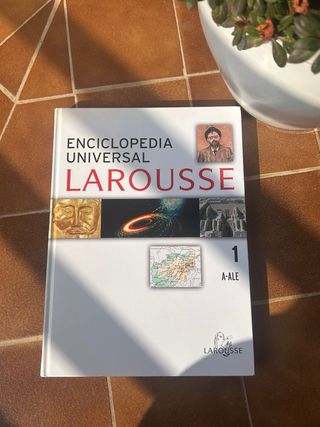 Enciclopedia Universal Larousse: A-ale (xxxv, 1...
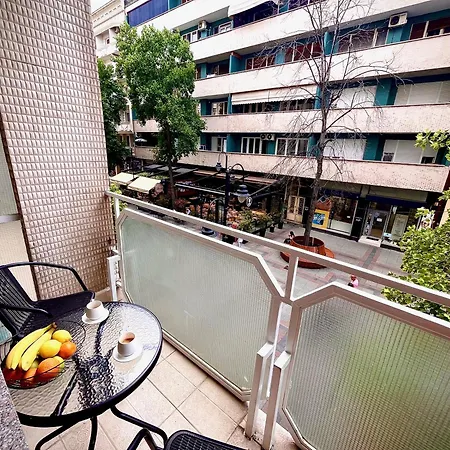 דירה Macedonia Square 22 - Pedestrian Street *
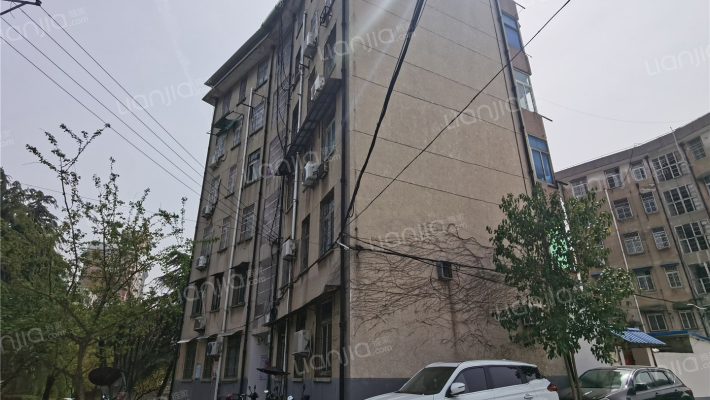 外经贸委小区外景图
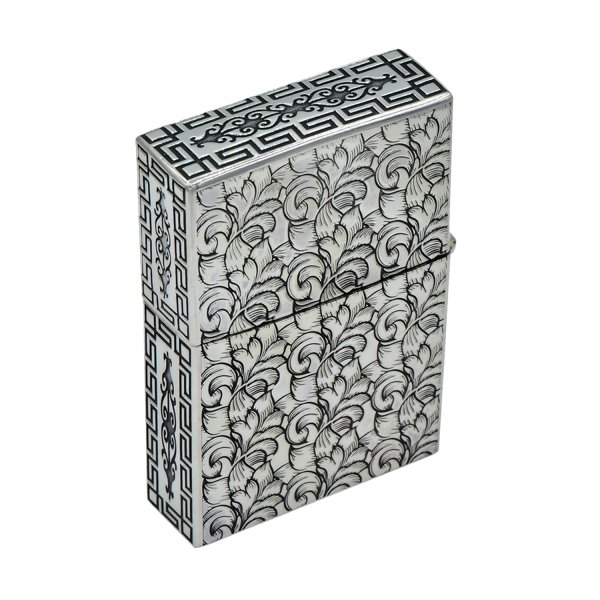 Gümüş El İşi Özel Tasarım İsimli Çakmak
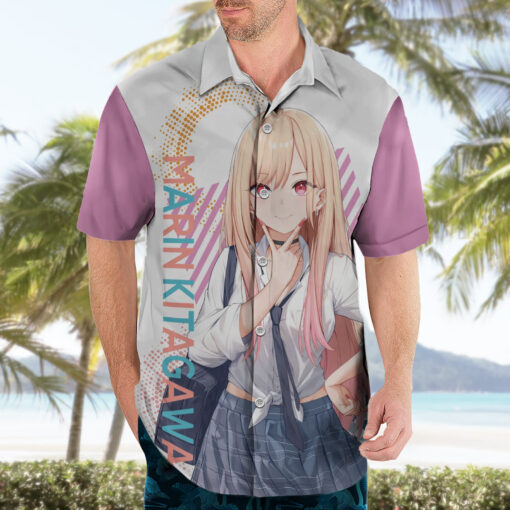 Chemise hawaïenne Marin Kitagawa classique – Image 3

§ **WHAT TO WORK ON**
Without the pictures, copy all of the entries exactly as they appear.

§ **ANSWER BOX**
 Enciclopedia Universal Larousse: A-ale (xxxv, 1...
 דירה Macedonia Square 22 - Pedestrian Street *
 外经贸委小区外景图
 Gümüş El İşi Özel Tasarım İsimli Çakmak
 Chemise hawaïenne Marin Kitagawa classique – Image 3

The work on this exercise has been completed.